My first attempt was to make healers about damage recovery, while tanks would be about damage mitigation. A combination of above average self survival while also boosting the survival of their allies: boosting their HP, reducing the monster’s attack, etc. While that kind of stuff would typically belong to more of a healer/support role, it made sense to split it out into its own thing to create a role with a specific job.

This version wasn’t completely broken, but they were role with the biggest issues:

  • Stacking a party entirely with Tanks could potentially allow compositions that can never die, but also take forever to win- basically incentivizing players to bore themselves to victory.
  • Damage rates in the game were uncomfortably sky high in order to force battles into ending quickly (the kind of high that in most RPGs would make you think you ran into a monster way too high level and should run away) , which in turn made most tanks feel pretty weak since I didn’t want them able to give much more than a 1-2 hit advantage.

Version 2

When changes to other systems necessitated redesigning every class, I took a stab at fixing the paradoxical dilemma that tanks were both too strong AND too weak:

  1. I gave tanks massive self-buffs of +100 HP, with the caveat of it only lasting a finite number of turns per battle. Now they had a major edge, but couldn’t create infinite stalemates (especially when these buffs occur regardless of player input, so they can’t cycle tanks)
  2. I gave most every battle a monster that could deal 60+ damage, when non-tanks only have 30-50 HP. Thus, tanks were required to even survive.

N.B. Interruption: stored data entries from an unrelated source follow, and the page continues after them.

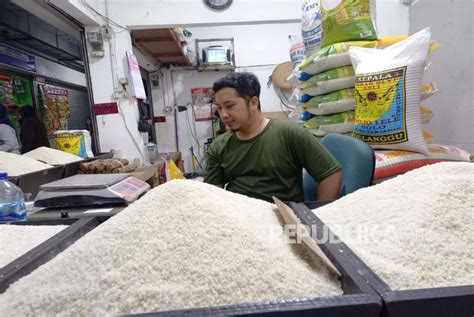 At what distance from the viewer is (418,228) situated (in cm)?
46

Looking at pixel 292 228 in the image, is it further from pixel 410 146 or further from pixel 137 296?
pixel 410 146

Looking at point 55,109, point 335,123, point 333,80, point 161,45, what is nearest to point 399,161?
point 335,123

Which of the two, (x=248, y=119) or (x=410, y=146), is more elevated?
(x=248, y=119)

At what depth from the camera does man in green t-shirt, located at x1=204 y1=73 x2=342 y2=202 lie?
1.39m

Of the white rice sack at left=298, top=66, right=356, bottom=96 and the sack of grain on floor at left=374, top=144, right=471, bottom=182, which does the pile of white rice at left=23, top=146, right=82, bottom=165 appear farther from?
the sack of grain on floor at left=374, top=144, right=471, bottom=182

This solution achieved its stated goals, but when trying to develop more than a few tanks I quickly realized how hard it was to give the role any variety. If I wanted to make a tank that also gave other players HP, I still needed to give them their own personal HP buff to survive the massive damage monsters- so why even pick the tanks without the party wide buff? If I wanted to make a tank that operated off of dodge luck or self-healing, they’d still need a major HP pool to survive the big damage. It just ended up being way too narrow of a role, and that included playing it.

Version 3

I briefly considered just removing roles altogether, but settled on a much less drastic option: turn timers. By limiting the total number of turns players can spend in a battle, the worry of sloggy tank battles goes away. I had considered this as an option pretty much the entire time, but constantly rejected it as too artificial. After changing it into a “soft” timer where monsters just constantly get their attack buffed when over the limit (preventing the edge case where players get defeated by a single 1hp monster from the timer), I finally grew to accept it. I still feel like a hack for needing it, but considering what a convoluted mess Version 2’s attempt at doing it “naturally” with tank HP timers.. I’ll take it.

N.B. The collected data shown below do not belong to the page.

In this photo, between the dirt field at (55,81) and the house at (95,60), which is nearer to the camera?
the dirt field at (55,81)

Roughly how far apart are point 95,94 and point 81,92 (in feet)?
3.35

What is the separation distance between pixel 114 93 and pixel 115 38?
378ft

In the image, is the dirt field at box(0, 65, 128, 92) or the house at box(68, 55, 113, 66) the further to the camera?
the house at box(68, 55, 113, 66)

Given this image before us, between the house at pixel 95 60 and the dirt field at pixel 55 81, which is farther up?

In general the role of tank will shift a bit: healers will get fewer revivals, tanks will get more- making them more of a “recovery” role. While speed runners will almost certainly use 4 damage class parties, the new RPS system adds enough damage spikes from mistakes into the mix to make such a role very useful for normal play (as well as buying time for the slower charging damage dealers that need more turns). Yet, the average damage rate won’t be as uncomfortable as earlier versions.

Super high HP tanks and super high damage monsters will return, but only as gimmicks for a few scenarios rather than the gold standard for every battle. In general it’s a shift towards making players have to make party composition choices that balance between recovery and damage. It’s still going to be a delicate situation to avoid full damage parties being the absolute best choice, but I definitely prefer that being the optimal composition rather than players making themselves miserable with 40 turn defensive parties. So even if it’s easily breakable, this is the way I want it to break.